Methods: This cross-sectional study included 96 patients with CVI with Clinical-Etiology-Anatomy-Pathology (CEAP) C3 to C6 (69.1% women 59 ± 11 years; 51.5% C5-C6 on CEAP classification). Objective time spent in PA was measured by a triaxial accelerometer. To examine adherence to PA guidelines, patients were grouped as meeting (or) the recommendations if they had at least 150 min/week of moderate to vigorous PA. Sociodemographic and clinic characteristics were obtained by self-report. Binary logistic regression was employed to examine whether sociodemographic and clinical characteristics were associated with adherence to PA guidelines. T-tests were employed to compare PA levels at different intensities according to patients' age.

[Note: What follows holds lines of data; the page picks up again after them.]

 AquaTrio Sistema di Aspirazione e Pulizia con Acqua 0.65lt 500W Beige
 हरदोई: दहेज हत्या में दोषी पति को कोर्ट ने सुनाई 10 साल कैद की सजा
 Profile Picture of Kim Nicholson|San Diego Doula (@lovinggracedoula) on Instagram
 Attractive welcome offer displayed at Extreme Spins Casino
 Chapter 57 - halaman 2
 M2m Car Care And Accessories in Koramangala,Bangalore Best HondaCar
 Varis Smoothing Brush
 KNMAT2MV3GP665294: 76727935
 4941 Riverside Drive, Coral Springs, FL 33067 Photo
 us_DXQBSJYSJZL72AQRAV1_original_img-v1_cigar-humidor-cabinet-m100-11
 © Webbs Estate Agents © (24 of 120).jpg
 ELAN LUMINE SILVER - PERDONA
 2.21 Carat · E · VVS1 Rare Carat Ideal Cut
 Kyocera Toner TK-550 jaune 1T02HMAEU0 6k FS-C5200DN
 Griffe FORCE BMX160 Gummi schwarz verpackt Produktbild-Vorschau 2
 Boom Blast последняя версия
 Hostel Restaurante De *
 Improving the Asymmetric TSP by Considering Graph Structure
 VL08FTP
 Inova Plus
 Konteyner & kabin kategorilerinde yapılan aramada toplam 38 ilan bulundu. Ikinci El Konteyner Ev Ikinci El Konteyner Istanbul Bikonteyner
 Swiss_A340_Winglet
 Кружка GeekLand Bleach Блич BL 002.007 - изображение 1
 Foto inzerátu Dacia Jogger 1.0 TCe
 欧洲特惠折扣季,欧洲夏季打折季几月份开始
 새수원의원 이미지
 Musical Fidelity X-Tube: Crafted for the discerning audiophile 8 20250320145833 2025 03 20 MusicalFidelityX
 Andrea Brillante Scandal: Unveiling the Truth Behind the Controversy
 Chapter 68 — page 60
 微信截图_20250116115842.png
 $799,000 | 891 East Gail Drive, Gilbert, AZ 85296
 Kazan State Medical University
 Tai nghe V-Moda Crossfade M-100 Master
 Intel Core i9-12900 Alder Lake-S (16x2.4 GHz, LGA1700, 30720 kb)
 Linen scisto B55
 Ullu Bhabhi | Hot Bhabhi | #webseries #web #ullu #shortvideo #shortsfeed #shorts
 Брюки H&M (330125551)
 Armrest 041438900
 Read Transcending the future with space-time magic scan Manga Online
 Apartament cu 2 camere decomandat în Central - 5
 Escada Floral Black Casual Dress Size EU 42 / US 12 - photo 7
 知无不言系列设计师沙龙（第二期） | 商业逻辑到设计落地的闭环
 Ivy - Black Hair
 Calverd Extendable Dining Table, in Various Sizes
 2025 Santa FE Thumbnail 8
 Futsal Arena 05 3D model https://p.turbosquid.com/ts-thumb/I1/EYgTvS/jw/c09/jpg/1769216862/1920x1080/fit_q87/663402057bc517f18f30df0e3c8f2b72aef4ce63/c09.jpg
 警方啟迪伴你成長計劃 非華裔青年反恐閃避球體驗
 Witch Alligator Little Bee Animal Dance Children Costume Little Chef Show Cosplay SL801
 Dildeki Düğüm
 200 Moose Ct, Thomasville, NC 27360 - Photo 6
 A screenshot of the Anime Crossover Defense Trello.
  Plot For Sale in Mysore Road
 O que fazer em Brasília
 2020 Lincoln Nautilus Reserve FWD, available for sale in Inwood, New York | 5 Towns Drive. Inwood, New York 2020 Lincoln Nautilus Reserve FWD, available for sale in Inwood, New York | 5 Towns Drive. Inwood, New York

Results: Patients spent an average of 311.4 ± 91.5 min/week, 42.1 ± 28.0 min/week, and 19.8 ± 17.8 min/week in low-light PA, high-light PA, and moderate-to-vigorous PA, respectively. The proportion of patients meeting PA recommendations was 36.2%, and older patients had lower odds (OR = 0.94; 95%CI: 0.89 to 0.99). Additional analysis reinforced that by showing lower time in high-light PA (51.2 ± 30.0 min/day vs. 31.9 ± 21.8 min/day; p = .001) and moderate-to-vigorous PA (24.3 ± 15.8 min/day vs. 14.8 ± 18.8 min/day; p = .012) among older patients than their peers younger.
Conclusion: Our findings showed that 36,2% of CVI patients met PA recommendations, with lower odds found among older patients. Public health interventions to enhance PA engagement among CVI patients should prioritize those who are older.